Table 4. Strains of H2N2 and H3N2 subtypes showing N66S mutation in the PB1F2 protein from a various hosts
MutationHostTotal no. of strainsN66S mutation (%)
H2N2   83 24 (28·91)
Human542 (3·70)
Avian2216 (72·7)
Environment11 (100)
Guinea pig65 (83·3)
H3N2   2566 89 (3·96)
Human241930 (1·24)
Avian6853 (77·94)
Swine763 (3·94)
Environment162 (12·5
Dog11 (100)

A total of 1530 PB1F2 sequences for H1N1 influenza virus strains were available in the database which were isolated in the past 80 years (1931 till November 2011). Analysis revealed that 1155 (75·5%) were from humans (Table 1), of which only 73 (6·56%) strains had a complete (90aa or 87aa) PB1F2 fragment. Among the 73 strains harboring full-length PB1F2 fragment, 62 were isolated between the years 1933 and 1949 (data not shown). This observation is in conjunction with earlier report.14 Beyond the year 1949, most of the PB1F2 proteins were truncated, because a stop codon was introduced at position 58, leading to C-terminal-truncated protein. One thousand and seventy-three (92·7%) strains had a C-terminal-truncated PB1F2 protein fragment having 57 amino acids, while six had N-terminal-truncated PB1F2 protein having 52 amino acids. Our analysis revealed that from 1978 onwards, there were only 11 H1N1 strains with complete (90 or 87aa) PB1F2 protein (isolated between the years 1978 and 2009). These strains included CY021723 (A/California/10/1978), CY028730 (A/California/45/1978), CY019745 (A/Memphis/1/1979), CY026417 (A/Albany/8/1979), CY021915 (A/USSR/46/1979), DQ415295 (A/TW/3355/1997), JF758484 (A/South Dakota/03/2008), GQ457565 (A/Saskatchewan/5350/2009), GQ457567 (A/Saskatchewan/5351/2009), GQ457566 (A/Saskatchewan/5131/2009), and CY079535 A/Switzerland/9356/2009). Further study would be very interesting on these PB1F2 genes. Among the 261 (17%) strains from swine, 44 (16·85%) had a complete PB1F2 fragment, while unlike in human isolates, 202 (77·4%) had an N-terminal-truncated 52 amino acid fragment and only seven C-terminal-truncated 57aa strains. There were 112 (7·3%) from avian species among which 99 (88·4%) had complete 90aa PB1F2 fragment, while other 13 (11·6%) had an N-terminal-truncated 52aa fragment. Zell et al. in 2007 studied PB1 segment of 2226 viral strains and found that regardless of sequence origin, 87% of the strains encoded for PB1F2 protein and their size was >78aa.15 They concluded with their data analysis of PB1F2 sequences that evolutionary selection seems to force the C-terminal truncation and N-terminal preservation of PB1F2. The recent 2009 H1N1 pandemic strain is a reassortant virus comprising of genes derived from avian, swine, and human viruses, and it expresses only a C-terminal-truncated 11 amino acid PB1F2 protein.15 Its open reading frame has three stop codons that prevents the expression of full-length protein.15

Discussion

PB1F2 is a recently discovered protein in influenza viruses and is thought to have multitude of different function, which are thought to play important role in viral pathogenesis. However, the precise role of PB1F2 protein is still unclear in the life cycle of the virus. This study deals with comprehensive global data analysis of the PB1F2 protein of various influenza A subtypes, and our data are based on the analysis of the all the available PB1F2 sequences from the influenza virus data base that may not represent all the influenza A viruses found in nature.
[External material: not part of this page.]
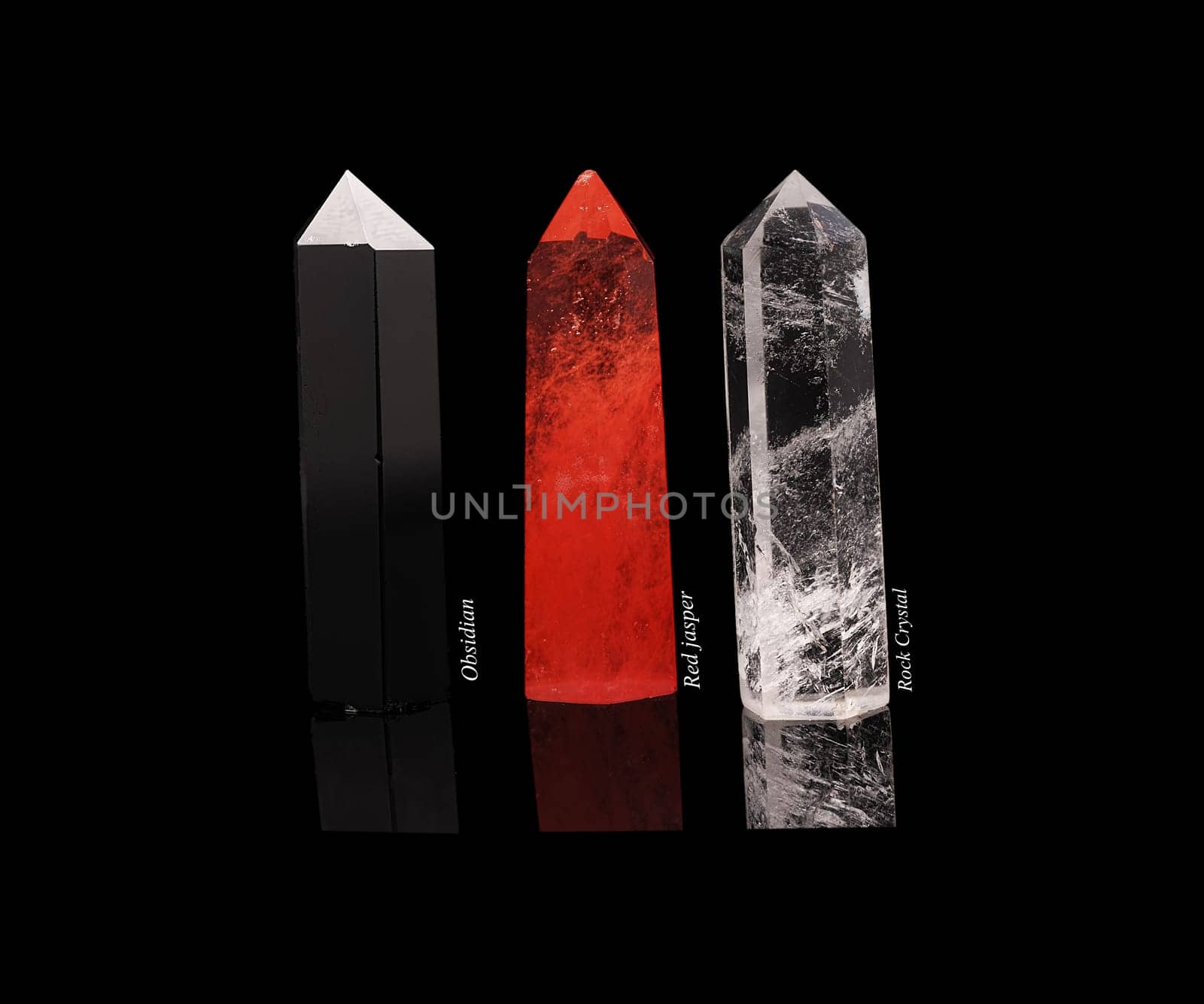 Set of crystals of semi-precious stones: obsidian, rhinestone, red jasper with natural reflection isolated on black glossy background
In many of the subtypes of influenza viruses isolated from different hosts, PB1F2 is truncated either from the C-terminal or N-terminal end, thus questioning about their evolutionary utility in different hosts. Analysis of the PB1F2 protein sequence of influenza subtype H5N1 revealed that approximately 96% of the H5N1 strains possessed complete PB1F2 fragment, suggesting that as PB1F2 is positively selected in these strain, it would definitely be necessary for the virus. Of immense interest is the fact that 10 (11·1%) amino acids were found conserved in 666 H5N1 PB1F2 sequences isolated from the avian host and in contrast much more (41 amino acids, 45·5%) amino acids were found conserved in the 220 H5N1 PB1F2 sequences isolated from human host. Similar results were obtained in another study where among all the 11 segments of influenza A viruses, only PB1F2 protein showed diversity between H5N1 strains from human and avian hosts.19

PB1F2 has an intrinsic property to localize to the mitochondria causing alteration in its morphology and ultimately dissipating the mitochondrial membrane potential and inducing apoptosis.7 Fine mapping of the protein revealed that there is a mitochondrial targeting sequence (MTS) in the C-terminal end that enables interaction with mitochondria.20,21 The 18 amino acids conserved domain (52–69aa positions) described in the H5N1 strains from the human host in this study is part of the MTS, and probably these amino acids would play role to maintain proapoptotic function of this protein. Analysis was also performed for the amino acid positions (Leu64, Glut69, Lys73, Arg75, and Val76) that have been earlier reported to be essential and most important for the mitochondrial targeting.20–22 The analysis revealed that the aforementioned five amino acids were conserved in 92·1% of the H5N1 strains from chicken, 88·4% in ducks, and 90·9% in humans. Among the five amino acid positions, maximum variability was in the position Arg 75. We believe this data would be very useful in enriching our understanding regarding the structure and function of PB1F2 protein. It might also help in developing vaccine targets and identifying both host-specific and also high-mortality genetic markers.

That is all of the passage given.